A couple of weeks ago I sat in a meetup, where Dave Stanke from Google mentioned he sometimes creates self-destructing VMs. I had never thought about self-destructing VMs, and decided to try this out with Azure.
What’s required for a self-destructing VM
First things first, we’ll need a way to create our VM. Through this creation, we’ll schedule a task in the OS to delete the VM itself. To allow the VM do this, we’ll need to give it an identity and a role binding to allow it to delete itself.
Let’s think this through: a VM in Azure consists of a VirtualMachine object, but a NetworkInterface and Disk are also attached. That NetworkInterface exists within a VirtualNetwork – and will probably also have a PublicIP address. If we schedule the deletion in the VM itself – we won’t be able to delete the peripheral resources. Hence – I’ll be planning to create a brand new network in a brand new resource group – and instruct the VM the delete the resource group.
Second, how will we delete the VM? We could install the Azure CLI on the VM, but that takes a while to setup. So we’ll be doing a straight REST API call.
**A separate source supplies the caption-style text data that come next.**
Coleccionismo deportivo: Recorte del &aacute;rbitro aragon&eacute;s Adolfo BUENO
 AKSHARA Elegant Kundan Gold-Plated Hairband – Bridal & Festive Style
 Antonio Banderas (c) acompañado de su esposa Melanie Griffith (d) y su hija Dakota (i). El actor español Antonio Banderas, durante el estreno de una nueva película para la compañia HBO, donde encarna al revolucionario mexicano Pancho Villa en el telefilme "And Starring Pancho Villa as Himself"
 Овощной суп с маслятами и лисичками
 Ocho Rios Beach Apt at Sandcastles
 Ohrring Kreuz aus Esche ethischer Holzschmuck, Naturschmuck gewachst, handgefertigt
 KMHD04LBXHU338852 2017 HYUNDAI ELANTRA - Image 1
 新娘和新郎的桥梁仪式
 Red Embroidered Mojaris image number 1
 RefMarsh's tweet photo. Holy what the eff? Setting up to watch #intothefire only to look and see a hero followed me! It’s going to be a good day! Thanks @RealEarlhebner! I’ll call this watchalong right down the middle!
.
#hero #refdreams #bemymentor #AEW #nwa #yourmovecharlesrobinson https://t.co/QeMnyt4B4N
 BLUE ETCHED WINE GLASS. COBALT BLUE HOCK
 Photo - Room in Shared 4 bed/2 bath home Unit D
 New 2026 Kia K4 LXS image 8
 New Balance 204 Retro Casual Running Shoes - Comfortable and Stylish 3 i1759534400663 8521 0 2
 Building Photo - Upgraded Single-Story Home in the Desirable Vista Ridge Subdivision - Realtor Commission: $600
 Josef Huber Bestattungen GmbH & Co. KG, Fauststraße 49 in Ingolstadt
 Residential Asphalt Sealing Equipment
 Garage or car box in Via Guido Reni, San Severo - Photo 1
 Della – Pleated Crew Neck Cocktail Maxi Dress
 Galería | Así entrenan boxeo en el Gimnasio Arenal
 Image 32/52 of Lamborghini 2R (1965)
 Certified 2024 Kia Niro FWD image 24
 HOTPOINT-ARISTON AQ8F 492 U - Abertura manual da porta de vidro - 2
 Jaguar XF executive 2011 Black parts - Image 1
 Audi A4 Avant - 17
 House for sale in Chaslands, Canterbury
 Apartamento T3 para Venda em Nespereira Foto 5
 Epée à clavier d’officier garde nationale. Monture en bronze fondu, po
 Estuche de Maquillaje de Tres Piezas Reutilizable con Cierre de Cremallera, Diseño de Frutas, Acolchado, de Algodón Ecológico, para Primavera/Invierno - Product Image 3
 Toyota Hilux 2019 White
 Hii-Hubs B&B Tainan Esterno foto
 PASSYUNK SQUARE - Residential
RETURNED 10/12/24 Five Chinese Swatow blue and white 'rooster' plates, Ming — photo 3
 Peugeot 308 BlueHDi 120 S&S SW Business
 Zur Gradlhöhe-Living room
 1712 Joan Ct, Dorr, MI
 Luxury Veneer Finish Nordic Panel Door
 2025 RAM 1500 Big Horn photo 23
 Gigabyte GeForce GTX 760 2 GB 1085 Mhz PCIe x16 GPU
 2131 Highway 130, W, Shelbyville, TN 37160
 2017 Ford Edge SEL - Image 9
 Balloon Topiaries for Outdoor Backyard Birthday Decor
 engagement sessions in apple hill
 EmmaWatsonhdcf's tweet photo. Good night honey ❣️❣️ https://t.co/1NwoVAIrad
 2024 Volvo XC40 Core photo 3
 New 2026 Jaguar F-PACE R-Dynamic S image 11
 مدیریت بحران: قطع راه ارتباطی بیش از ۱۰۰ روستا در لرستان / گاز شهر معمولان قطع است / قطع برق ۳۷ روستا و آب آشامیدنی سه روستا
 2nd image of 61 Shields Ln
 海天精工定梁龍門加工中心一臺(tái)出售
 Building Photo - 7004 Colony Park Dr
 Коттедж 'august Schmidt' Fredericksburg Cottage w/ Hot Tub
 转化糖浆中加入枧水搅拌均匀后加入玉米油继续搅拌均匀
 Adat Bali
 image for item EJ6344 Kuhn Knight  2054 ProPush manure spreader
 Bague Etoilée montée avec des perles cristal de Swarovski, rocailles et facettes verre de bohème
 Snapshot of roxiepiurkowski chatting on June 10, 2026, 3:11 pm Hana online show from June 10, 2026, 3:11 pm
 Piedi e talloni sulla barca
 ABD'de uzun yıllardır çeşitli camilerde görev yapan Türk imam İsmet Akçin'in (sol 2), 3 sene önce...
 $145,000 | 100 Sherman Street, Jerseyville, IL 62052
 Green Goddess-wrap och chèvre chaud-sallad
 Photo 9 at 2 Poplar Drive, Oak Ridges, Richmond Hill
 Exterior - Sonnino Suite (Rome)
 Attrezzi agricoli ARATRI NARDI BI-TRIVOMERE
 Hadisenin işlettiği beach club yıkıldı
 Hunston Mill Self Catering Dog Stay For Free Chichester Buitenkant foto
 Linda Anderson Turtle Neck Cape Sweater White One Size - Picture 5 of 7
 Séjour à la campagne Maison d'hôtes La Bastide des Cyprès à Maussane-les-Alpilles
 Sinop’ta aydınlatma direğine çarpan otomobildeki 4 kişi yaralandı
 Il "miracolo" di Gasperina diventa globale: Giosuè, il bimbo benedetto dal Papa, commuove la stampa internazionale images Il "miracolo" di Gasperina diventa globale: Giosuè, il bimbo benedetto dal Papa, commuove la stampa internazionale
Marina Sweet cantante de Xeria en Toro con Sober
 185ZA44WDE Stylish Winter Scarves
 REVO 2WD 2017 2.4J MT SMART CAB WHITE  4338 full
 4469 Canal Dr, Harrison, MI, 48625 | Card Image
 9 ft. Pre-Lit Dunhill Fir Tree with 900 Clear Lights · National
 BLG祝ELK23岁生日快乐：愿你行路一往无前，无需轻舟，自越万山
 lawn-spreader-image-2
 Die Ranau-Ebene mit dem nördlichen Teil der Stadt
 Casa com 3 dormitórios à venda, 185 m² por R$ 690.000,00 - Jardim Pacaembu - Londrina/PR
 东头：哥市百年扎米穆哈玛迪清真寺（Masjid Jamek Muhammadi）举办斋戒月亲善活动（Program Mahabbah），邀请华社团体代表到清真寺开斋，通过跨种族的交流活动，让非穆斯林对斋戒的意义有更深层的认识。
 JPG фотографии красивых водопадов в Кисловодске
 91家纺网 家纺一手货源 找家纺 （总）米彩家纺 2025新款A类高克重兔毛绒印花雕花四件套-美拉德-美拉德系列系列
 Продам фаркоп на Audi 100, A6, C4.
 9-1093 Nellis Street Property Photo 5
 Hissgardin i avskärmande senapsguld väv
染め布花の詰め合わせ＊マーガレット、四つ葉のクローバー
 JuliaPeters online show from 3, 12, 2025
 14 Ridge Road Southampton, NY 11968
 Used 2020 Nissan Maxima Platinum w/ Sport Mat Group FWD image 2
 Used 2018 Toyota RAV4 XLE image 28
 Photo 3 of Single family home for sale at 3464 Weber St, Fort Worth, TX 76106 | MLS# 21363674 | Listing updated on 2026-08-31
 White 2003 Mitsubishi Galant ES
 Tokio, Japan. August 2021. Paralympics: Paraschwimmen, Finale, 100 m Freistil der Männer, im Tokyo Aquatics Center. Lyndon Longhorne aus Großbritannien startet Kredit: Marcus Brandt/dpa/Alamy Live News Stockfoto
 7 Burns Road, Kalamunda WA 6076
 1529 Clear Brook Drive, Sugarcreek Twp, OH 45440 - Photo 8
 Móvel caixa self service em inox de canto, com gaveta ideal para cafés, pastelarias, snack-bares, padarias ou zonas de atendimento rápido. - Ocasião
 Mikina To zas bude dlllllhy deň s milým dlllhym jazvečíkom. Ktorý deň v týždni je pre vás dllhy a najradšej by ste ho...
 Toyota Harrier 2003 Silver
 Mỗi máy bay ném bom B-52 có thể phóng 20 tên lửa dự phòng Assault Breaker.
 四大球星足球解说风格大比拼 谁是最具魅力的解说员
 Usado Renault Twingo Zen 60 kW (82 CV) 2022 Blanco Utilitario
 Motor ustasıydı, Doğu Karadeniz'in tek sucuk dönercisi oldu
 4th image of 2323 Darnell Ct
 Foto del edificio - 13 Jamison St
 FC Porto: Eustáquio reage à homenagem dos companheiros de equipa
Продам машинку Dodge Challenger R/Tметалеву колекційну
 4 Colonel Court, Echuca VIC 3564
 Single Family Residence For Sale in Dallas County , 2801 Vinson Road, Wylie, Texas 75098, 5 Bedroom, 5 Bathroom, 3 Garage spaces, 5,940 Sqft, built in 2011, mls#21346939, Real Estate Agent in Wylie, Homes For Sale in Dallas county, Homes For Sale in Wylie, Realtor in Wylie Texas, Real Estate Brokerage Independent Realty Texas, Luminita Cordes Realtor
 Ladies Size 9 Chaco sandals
Third, how will we schedule the task to delete itself? There is a Linux utility called at
that can schedule tasks, and even has a very ‘natural language’ scheduling system. We could schedule our script to execute the following way: at now + 15 minutes -f kill.sh
Finally, we need to consider the language we’ll use to create our resources. I’ve been warming up to Terraform lately, hence I’ll also execute this via Terraform.
Writing this out
The code for this Terraform template can be found on my GitHub. There’s two sections worth highlighting here:
In the VM section you’ll see the following:
os_profile {
computer_name = "killme"
admin_username = "nilfranadmin"
custom_data = <<-EOF
#!/bin/bash
sudo apt-get install at -y
echo "response=\$(curl 'http://169.254.169.254/metadata/identity/oauth2/token?api-version=2018-02-01&resource=https%3A%2F%2Fmanagement.azure.com%2F' -H Metadata:true -s)" > killme.sh
echo "access_token=\$(echo \$response | python -c 'import sys, json; print (json.load(sys.stdin)[\"access_token\"])')" >> killme.sh
echo "curl -X DELETE -H \"Authorization: Bearer \$access_token\" -H \"Content-Type: application/json\" https://management.azure.com/${azurerm_resource_group.main.id}?api-version=2019-05-10" >> killme.sh
at now + ${var.timeout} -f killme.sh
EOF
}
The custom_data section is a script that will execute on the virtual machine at creation time. It took me some iterative development to get all the quotes and backslashes just right – just this one does the job. Essentially what this script does is it installs at
– it creates a script that will get a oauth token and call the API to delete the resource group – and then schedule that script.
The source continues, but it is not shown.